(Beginning of Extracted data)

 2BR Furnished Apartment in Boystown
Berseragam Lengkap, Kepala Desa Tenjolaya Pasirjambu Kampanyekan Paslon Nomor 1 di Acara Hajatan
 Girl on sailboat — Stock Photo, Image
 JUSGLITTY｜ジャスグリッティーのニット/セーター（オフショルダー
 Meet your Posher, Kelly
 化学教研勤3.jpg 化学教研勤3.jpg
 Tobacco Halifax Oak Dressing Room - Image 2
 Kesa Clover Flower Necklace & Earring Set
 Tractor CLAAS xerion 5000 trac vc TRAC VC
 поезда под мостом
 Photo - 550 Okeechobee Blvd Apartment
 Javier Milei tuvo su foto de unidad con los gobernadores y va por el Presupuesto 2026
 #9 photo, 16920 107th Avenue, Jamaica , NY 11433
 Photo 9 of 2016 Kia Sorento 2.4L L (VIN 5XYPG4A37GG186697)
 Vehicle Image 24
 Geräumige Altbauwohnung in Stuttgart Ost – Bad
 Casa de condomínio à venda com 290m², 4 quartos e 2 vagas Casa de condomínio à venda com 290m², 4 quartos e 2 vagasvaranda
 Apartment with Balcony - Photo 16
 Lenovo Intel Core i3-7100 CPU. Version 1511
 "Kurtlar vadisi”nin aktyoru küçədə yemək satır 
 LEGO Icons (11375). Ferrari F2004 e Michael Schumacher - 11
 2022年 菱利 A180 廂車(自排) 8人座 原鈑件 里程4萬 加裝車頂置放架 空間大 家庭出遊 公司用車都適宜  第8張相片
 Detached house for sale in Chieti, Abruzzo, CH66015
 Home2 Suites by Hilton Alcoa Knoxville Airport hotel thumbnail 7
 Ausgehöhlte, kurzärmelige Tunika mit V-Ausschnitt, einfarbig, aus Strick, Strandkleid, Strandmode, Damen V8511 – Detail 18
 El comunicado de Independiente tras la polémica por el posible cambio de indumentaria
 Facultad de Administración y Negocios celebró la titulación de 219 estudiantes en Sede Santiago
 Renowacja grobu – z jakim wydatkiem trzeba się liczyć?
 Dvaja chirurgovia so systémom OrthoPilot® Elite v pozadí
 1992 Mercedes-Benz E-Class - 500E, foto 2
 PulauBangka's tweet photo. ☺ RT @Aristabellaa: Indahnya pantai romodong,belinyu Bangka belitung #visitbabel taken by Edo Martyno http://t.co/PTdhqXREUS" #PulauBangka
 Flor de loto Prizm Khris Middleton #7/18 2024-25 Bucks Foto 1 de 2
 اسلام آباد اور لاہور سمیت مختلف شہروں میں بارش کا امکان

(End of Extracted data)

**What you are asked to do**
In your response, reproduce the records exactly, every one.

**Task output**
 2BR Furnished Apartment in Boystown
Berseragam Lengkap, Kepala Desa Tenjolaya Pasirjambu Kampanyekan Paslon Nomor 1 di Acara Hajatan
 Girl on sailboat — Stock Photo, Image
 JUSGLITTY｜ジャスグリッティーのニット/セーター（オフショルダー
 Meet your Posher, Kelly
 化学教研勤3.jpg 化学教研勤3.jpg
 Tobacco Halifax Oak Dressing Room - Image 2
 Kesa Clover Flower Necklace & Earring Set
 Tractor CLAAS xerion 5000 trac vc TRAC VC
 поезда под мостом
 Photo - 550 Okeechobee Blvd Apartment
 Javier Milei tuvo su foto de unidad con los gobernadores y va por el Presupuesto 2026
 #9 photo, 16920 107th Avenue, Jamaica , NY 11433
 Photo 9 of 2016 Kia Sorento 2.4L L (VIN 5XYPG4A37GG186697)
 Vehicle Image 24
 Geräumige Altbauwohnung in Stuttgart Ost – Bad
 Casa de condomínio à venda com 290m², 4 quartos e 2 vagas Casa de condomínio à venda com 290m², 4 quartos e 2 vagasvaranda
 Apartment with Balcony - Photo 16
 Lenovo Intel Core i3-7100 CPU. Version 1511
 "Kurtlar vadisi”nin aktyoru küçədə yemək satır 
 LEGO Icons (11375). Ferrari F2004 e Michael Schumacher - 11
 2022年 菱利 A180 廂車(自排) 8人座 原鈑件 里程4萬 加裝車頂置放架 空間大 家庭出遊 公司用車都適宜  第8張相片
 Detached house for sale in Chieti, Abruzzo, CH66015
 Home2 Suites by Hilton Alcoa Knoxville Airport hotel thumbnail 7
 Ausgehöhlte, kurzärmelige Tunika mit V-Ausschnitt, einfarbig, aus Strick, Strandkleid, Strandmode, Damen V8511 – Detail 18
 El comunicado de Independiente tras la polémica por el posible cambio de indumentaria
 Facultad de Administración y Negocios celebró la titulación de 219 estudiantes en Sede Santiago
 Renowacja grobu – z jakim wydatkiem trzeba się liczyć?
 Dvaja chirurgovia so systémom OrthoPilot® Elite v pozadí
 1992 Mercedes-Benz E-Class - 500E, foto 2
 PulauBangka's tweet photo. ☺ RT @Aristabellaa: Indahnya pantai romodong,belinyu Bangka belitung #visitbabel taken by Edo Martyno http://t.co/PTdhqXREUS" #PulauBangka
 Flor de loto Prizm Khris Middleton #7/18 2024-25 Bucks Foto 1 de 2
 اسلام آباد اور لاہور سمیت مختلف شہروں میں بارش کا امکان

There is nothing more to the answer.